The U.S. Geological Survey, in cooperation with State and local agencies, systematically collects groundwater data at varying measurement frequencies to monitor the hydrologic conditions on Long Island, New York. Each year during April and May, the U.S. Geological Survey completes a synoptic survey of water levels to define the spatial distribution of the water table and potentiometric surfaces within the three main water-bearing units underlying Long Island—the upper glacial, Magothy, and Lloyd aquifers—and the hydraulically connected Jameco and North Shore aquifers. These data and the maps constructed from them are commonly used in studies of the hydrology of Long Island and are used by water managers and suppliers for aquifer management and planning purposes.

Water-level measurements made in 424 monitoring wells (observation and supply wells), 13 streamgages, and 2 lake gages across Long Island during April–May 2016 were used to prepare the maps in this report. Groundwater measurements were made by the wetted-tape or electric-tape method to the nearest hundredth of a foot. Contours of water-table and potentiometric-surface altitudes were created using the groundwater measurements. The water-table contours were interpreted using water-level data collected from 275 observation wells and 1 supply well screened in the upper glacial aquifer and the shallow Magothy aquifer and 13 streamgages and 2 lake gages. The potentiometric-surface contours of the Magothy aquifer were interpreted from measurements at 88 wells (61 observation wells and 27 supply wells) screened in the middle to deep Magothy aquifer and the contiguous and hydraulically connected Jameco aquifer. The potentiometric-surface contours of the Lloyd aquifer were interpreted from measurements at 60 wells (55 observation wells and 5 supply wells) screened in the Lloyd aquifer and the contiguous and hydraulically connected North Shore aquifer. Many of the supply wells are in continuous operation and, therefore, were turned off for a minimum of 24 hours before measurements were made to allow the water levels in the wells to recover to ambient (nonpumping) conditions. Full recovery time at some of these supply wells can exceed 24 hours; therefore, water levels measured at these wells are assumed to be less accurate than those measured at observation wells, which are not pumped. In addition to pumping stresses, density differences (saline water) also lower the water levels measured in certain wells. Recent water-quality data are lacking in these wells; therefore, a conversion to freshwater head could not be performed accurately and was not attempted. In this report, all water-level altitudes are referenced to the National Geodetic Vertical Datum of 1929 (NGVD 29).

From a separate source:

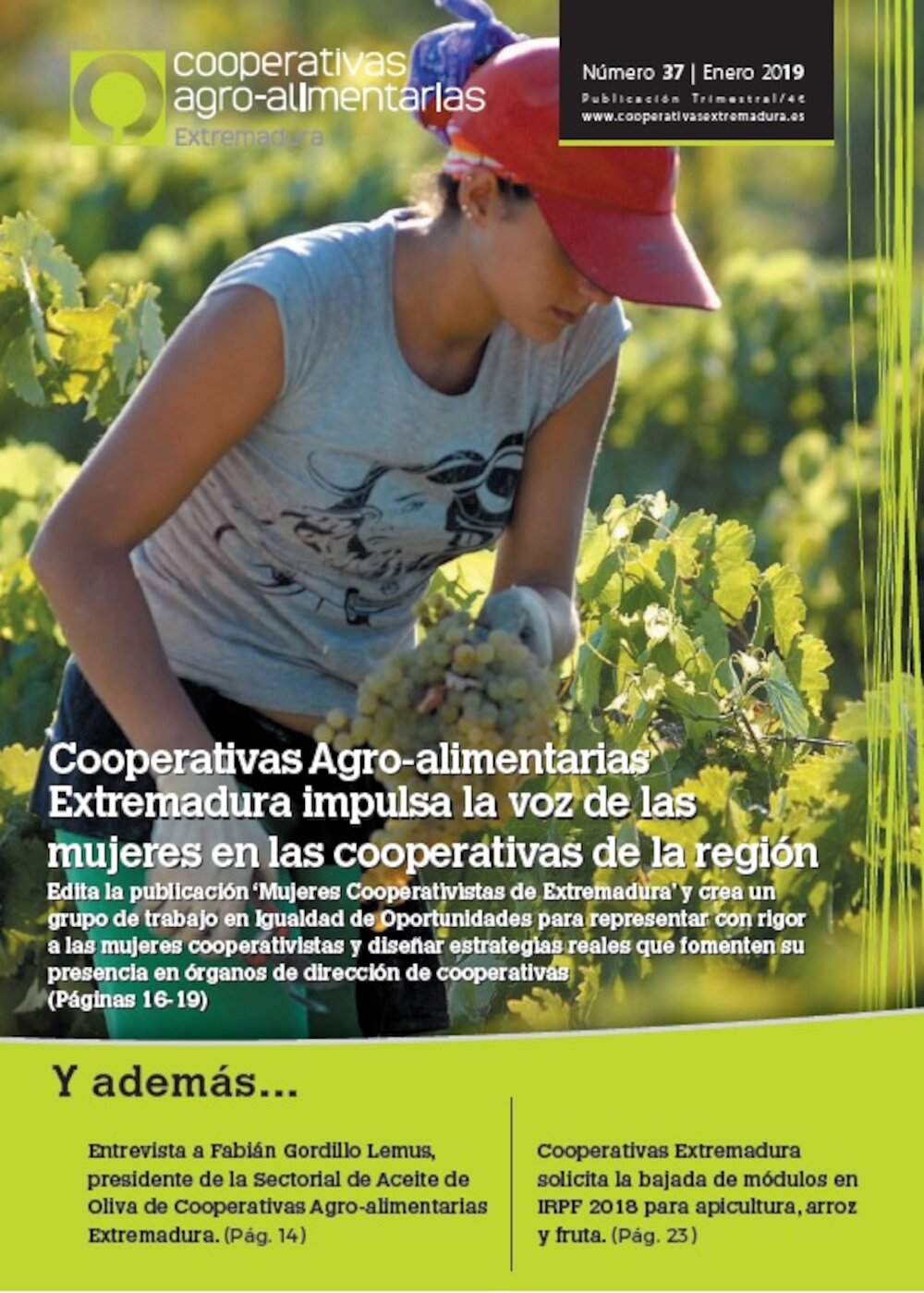 Disponible el último número de la revista Cooperativas Agro-alimentarias Extremadura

The land surface altitude, or topography, was obtained from the National Oceanic and Atmospheric Administration. The data were collected using light detection and ranging (lidar) and were used to produce a three-dimensional digital elevation model. The lidar data have a horizontal accuracy of 1.38 feet and a vertical accuracy of 0.40 foot at a 95-percent confidence level for the “open terrain” land-cover category. The digital elevation model was developed jointly by the National Oceanic and Atmospheric Administration and the U.S. Geological Survey as part of the Disaster Relief Appropriations Act of 2013. Land surface altitude is referenced to the North American Vertical Datum of 1988 (NAVD 88). On Long Island, NAVD 88 is approximately 1 foot higher than NGVD 29.

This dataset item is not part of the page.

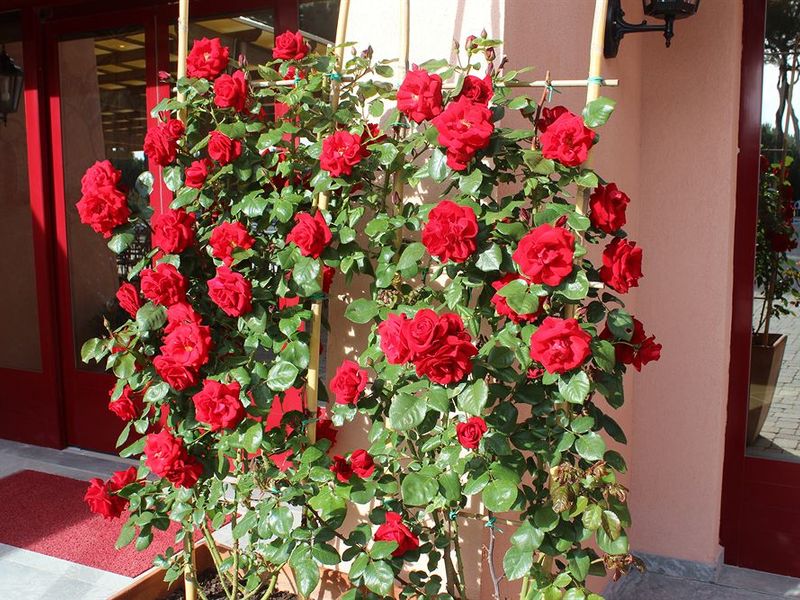 صورة الفندق 14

Hydrographs are included on these maps for selected wells that have continuous digital recording equipment, and each hydrograph includes the water level measured during the synoptic survey. These hydrographs are representative of the 2016 water year and show the changes throughout that period; a water year is the 12-month period from October 1 to September 30 and is designated by the year in which it ends.